John Muir was born in Dunbar, East Lothian, Scotland on April 21, 1838 and passed away on December 24, 1914. Joh Muir was also known as John of the Mountains and also famous as Father of the National Parks.
John Muir who has a mixture of blood from Scotland and America is someone who is very influential. John Muir is an activist for the preservation of the wilderness in the United States. naturalist, writer, environmental philosopher and glaciologist.
His letters, essays and books illustrate his adventures in nature, especially in the Sierra Nevada. All of his writings have been read by millions of people. His activities as an activist have helped preserve Sequois National Park, Yosemite Valley and other wilderness areas.
He founded the Sierra Club is a leading American conservation organization. The 211 mile John Muir Trail, is a hiking spot in Sierra Nevada and named in honor of its services to the environment. Other places such as Muir Beach, Mount Muir, Muir Woods National Monument, John Muir College, Camp Muir, Muir Grove, and Muir Glacier. In Scotland there is a 130-mile route and is named John Muir Street, a 130-mile route in his honor.
John Muir devoted most of his time to preserving forests. As part of a campaign to make Yosemite a national park, Muir published two important articles on wilderness preservation in Century Magazine namely “The Treasures of the Yosemite” and “Features of Yosemite National Park”.
This helped to support that the US Congress could pass the law in 1890 by establishing Yosemite National Park. Muir enthusiasm for nature expressed in his writing has inspired readers to take action to help preserve the environment.
John Muir is the author of nature
In his life, Muir published six books which all described exploration of nature. Four additional books were published posthumously. Some of the books later published were a collection of essays and articles from various sources.
The writing and the quality in his book is very beautiful. His writings have had a lasting effect on American culture in helping to create the desire to protect and preserve the natural environment.
His first book was in the form of a personal letter to his friend Jeanne Carr. The book describes Calypso Borealis, a rare flower he encountered. This work was published anonymously, identified as inspired by Pilgrim.
During his years as a writer about nature, Muir often rewrote and expand his previous writings and articles published in magazines. He often composes and organizes previous writings such as a collection of essays or includes them as part of subsequent narrative books.
Jeanne Carr: Friend and mentor of John Muir
Muir’s friendship with Jeanne Carr had an influence on his career as a naturalist and writer.
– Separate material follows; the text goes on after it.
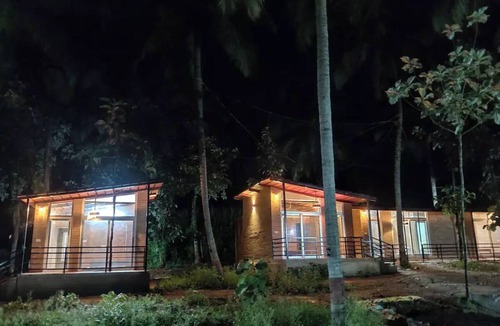 Heggadadevankote House | Lake side retreat with earthern cottages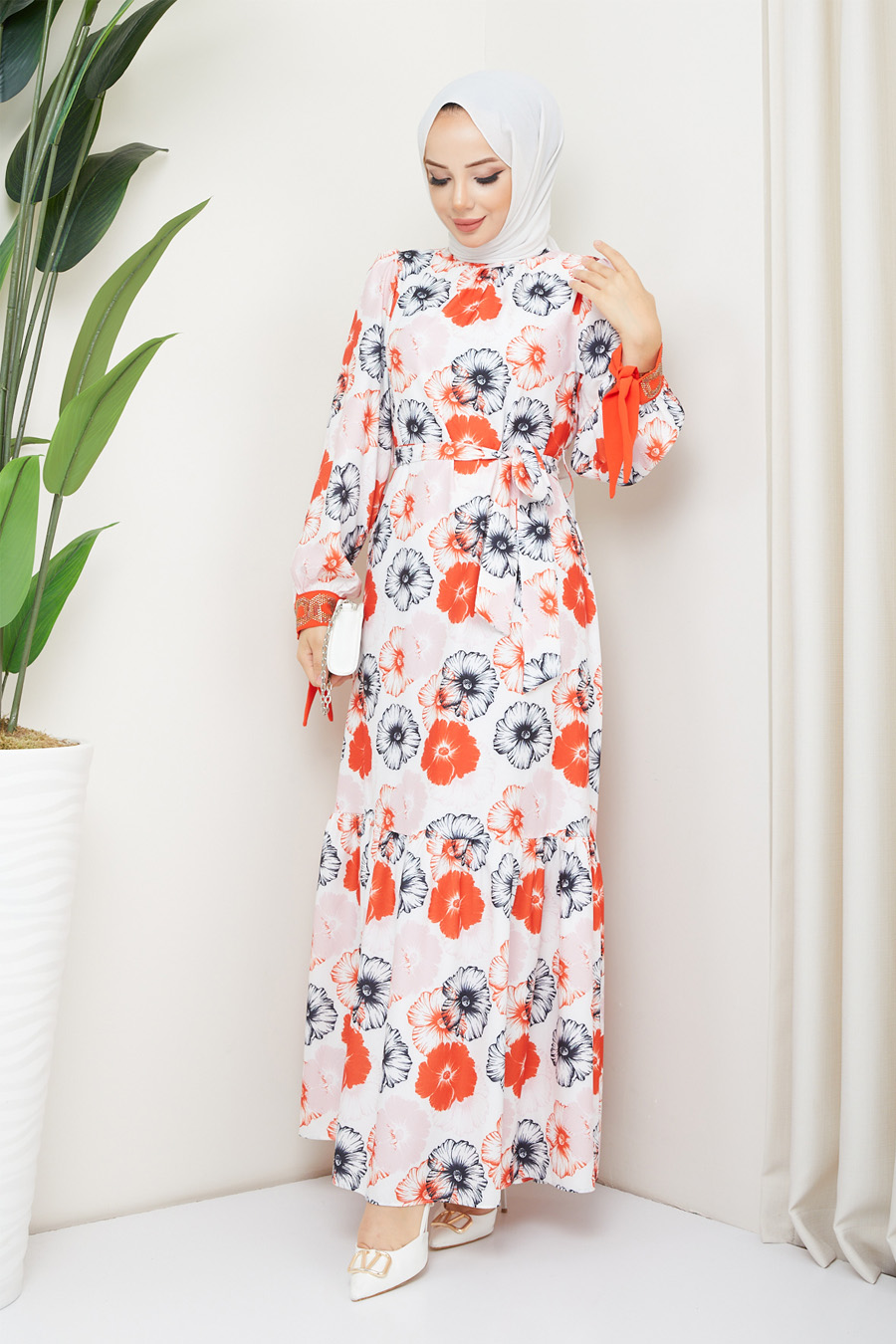 ORANGE  FLOWER  PATTERNED  - DRESS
They first met in the fall of 1860, when at the age of 22, he entered a number of inventions made at the Wisconsin State Agricultural Society Fair.
Carr, a fair assistant, was asked by officials to review the Muir exhibition to see whether it was good or not. In the end, Muir received a diploma and monetary award for an artificial clock and thermometer for his hand.
According to Muirie biography Bonnie Johanna Gisel, the Carrs admitted that Joh Muir’s thoughts were pure, not simple, inherent curiosity, scientific intelligence, and independent thinking which made him very interesting and unique compared to others. Jeanne Carr at that time appreciated John Muir’s young individuality. Indeed, we should appreciate the services and love of John Muir who are very deep in nature.